Recorded information below:

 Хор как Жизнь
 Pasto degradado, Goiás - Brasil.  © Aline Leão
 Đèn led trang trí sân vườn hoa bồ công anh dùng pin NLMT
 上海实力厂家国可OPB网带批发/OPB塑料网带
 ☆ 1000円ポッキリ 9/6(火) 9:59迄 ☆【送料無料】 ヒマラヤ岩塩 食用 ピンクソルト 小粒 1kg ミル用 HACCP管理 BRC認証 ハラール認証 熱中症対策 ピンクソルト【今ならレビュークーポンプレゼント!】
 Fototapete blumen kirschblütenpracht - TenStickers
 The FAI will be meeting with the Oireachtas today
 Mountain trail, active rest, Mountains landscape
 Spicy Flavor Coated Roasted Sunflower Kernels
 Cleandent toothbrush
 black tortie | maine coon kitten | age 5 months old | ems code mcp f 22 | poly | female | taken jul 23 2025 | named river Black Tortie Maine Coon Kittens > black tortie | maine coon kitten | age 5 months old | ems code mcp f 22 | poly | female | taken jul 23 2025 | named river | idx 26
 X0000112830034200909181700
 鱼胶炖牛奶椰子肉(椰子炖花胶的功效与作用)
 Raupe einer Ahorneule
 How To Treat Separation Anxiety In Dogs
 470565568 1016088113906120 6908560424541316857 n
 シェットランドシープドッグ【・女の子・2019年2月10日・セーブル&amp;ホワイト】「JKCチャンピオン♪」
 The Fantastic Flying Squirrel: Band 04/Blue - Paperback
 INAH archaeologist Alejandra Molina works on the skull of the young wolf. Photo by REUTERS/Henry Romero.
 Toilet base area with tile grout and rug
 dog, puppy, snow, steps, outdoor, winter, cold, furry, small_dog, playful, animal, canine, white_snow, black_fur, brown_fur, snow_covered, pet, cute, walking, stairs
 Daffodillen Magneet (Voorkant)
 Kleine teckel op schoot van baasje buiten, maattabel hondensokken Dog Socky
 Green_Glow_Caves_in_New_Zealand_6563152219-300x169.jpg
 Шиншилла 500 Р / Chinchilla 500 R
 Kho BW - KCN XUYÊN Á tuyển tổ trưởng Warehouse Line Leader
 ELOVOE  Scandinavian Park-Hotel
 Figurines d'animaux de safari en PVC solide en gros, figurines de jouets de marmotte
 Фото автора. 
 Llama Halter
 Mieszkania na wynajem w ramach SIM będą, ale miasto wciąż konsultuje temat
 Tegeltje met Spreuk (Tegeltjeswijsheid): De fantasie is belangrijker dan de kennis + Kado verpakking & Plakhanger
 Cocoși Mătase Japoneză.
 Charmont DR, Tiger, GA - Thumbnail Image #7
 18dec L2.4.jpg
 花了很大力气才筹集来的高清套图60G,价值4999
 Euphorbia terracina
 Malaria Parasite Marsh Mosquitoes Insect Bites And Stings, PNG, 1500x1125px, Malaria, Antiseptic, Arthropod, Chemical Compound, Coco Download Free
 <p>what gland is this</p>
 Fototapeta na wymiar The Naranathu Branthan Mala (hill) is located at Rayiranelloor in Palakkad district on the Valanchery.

End of Recorded information.

Every line from the top of the material above through the line holding "The FAI will" should be reproduced word for word, and nothing beyond it.

_Worked solution_
 Хор как Жизнь
 Pasto degradado, Goiás - Brasil.  © Aline Leão
 Đèn led trang trí sân vườn hoa bồ công anh dùng pin NLMT
 上海实力厂家国可OPB网带批发/OPB塑料网带
 ☆ 1000円ポッキリ 9/6(火) 9:59迄 ☆【送料無料】 ヒマラヤ岩塩 食用 ピンクソルト 小粒 1kg ミル用 HACCP管理 BRC認証 ハラール認証 熱中症対策 ピンクソルト【今ならレビュークーポンプレゼント!】
 Fototapete blumen kirschblütenpracht - TenStickers
 The FAI will be meeting with the Oireachtas today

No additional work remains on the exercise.